_MATERIAL PROVIDED_:
--- START ---

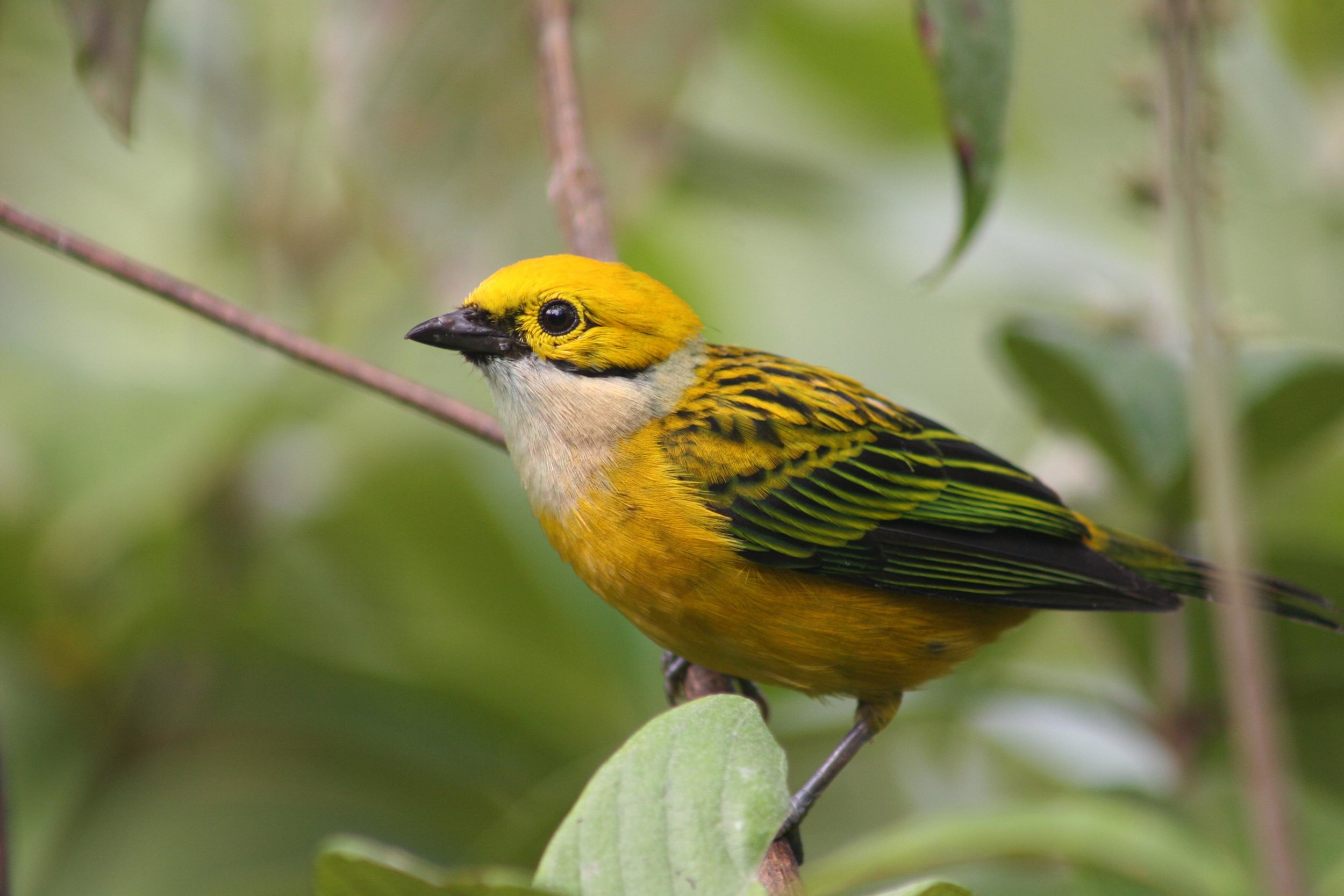 Trogon - brochureTangara.JPG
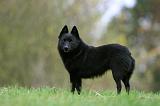 SCHIPPERKE 833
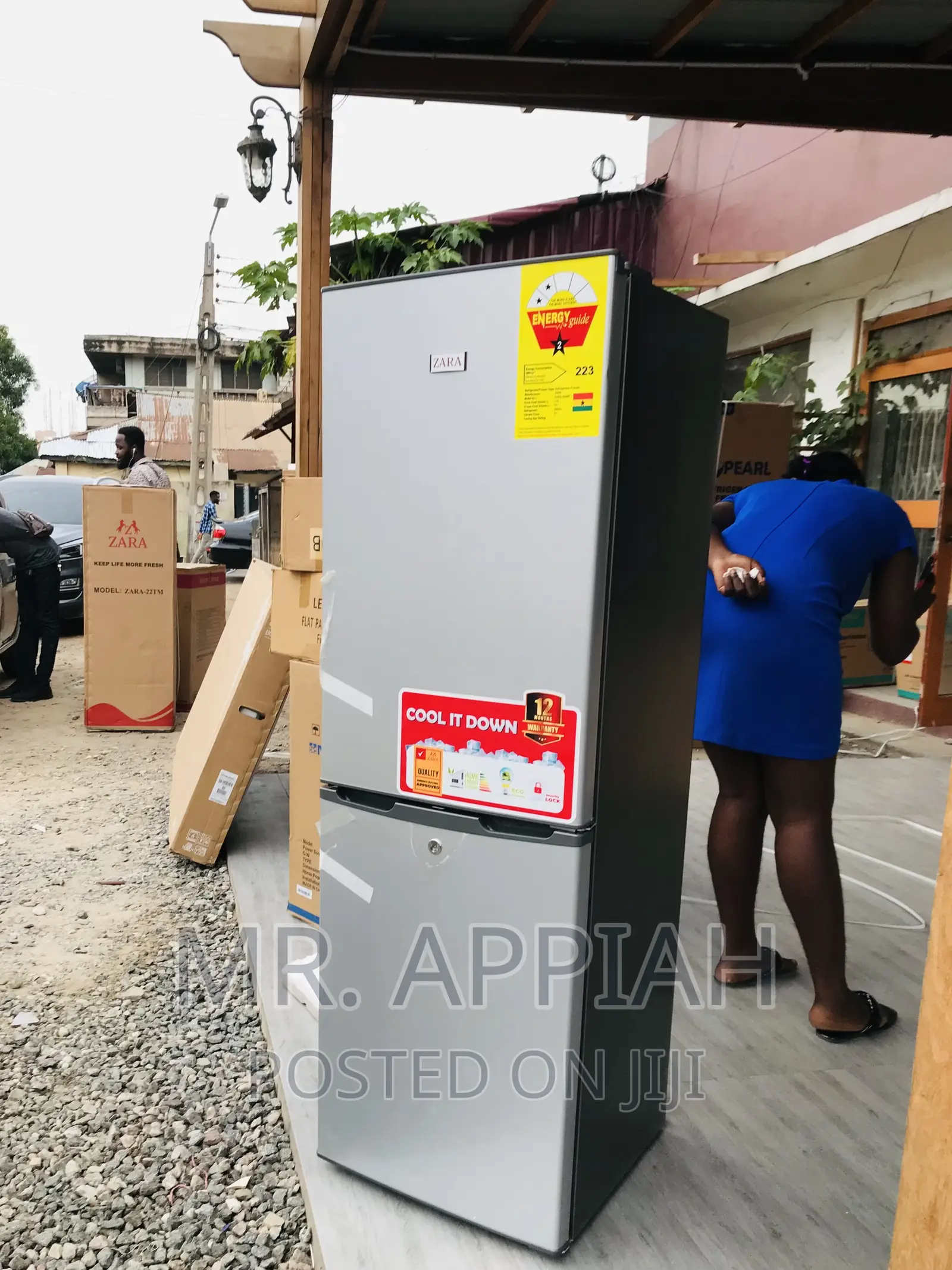 Energy Sufficient Zara 240bf 2 Door Electric Fridge,Gray.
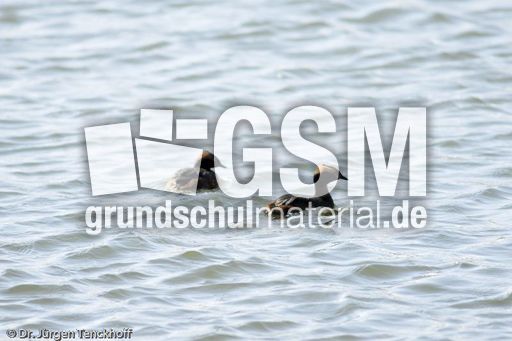 Ohrentaucher (10 von 10).jpg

--- END ---

_WHAT YOU ARE ASKED TO DO_: Every line from the one containing "Energy Sufficient Zara" to the last line of the material must be returned exactly. Leave out any pictures.

_TASK ANSWER_:
 Energy Sufficient Zara 240bf 2 Door Electric Fridge,Gray.
 Ohrentaucher (10 von 10).jpg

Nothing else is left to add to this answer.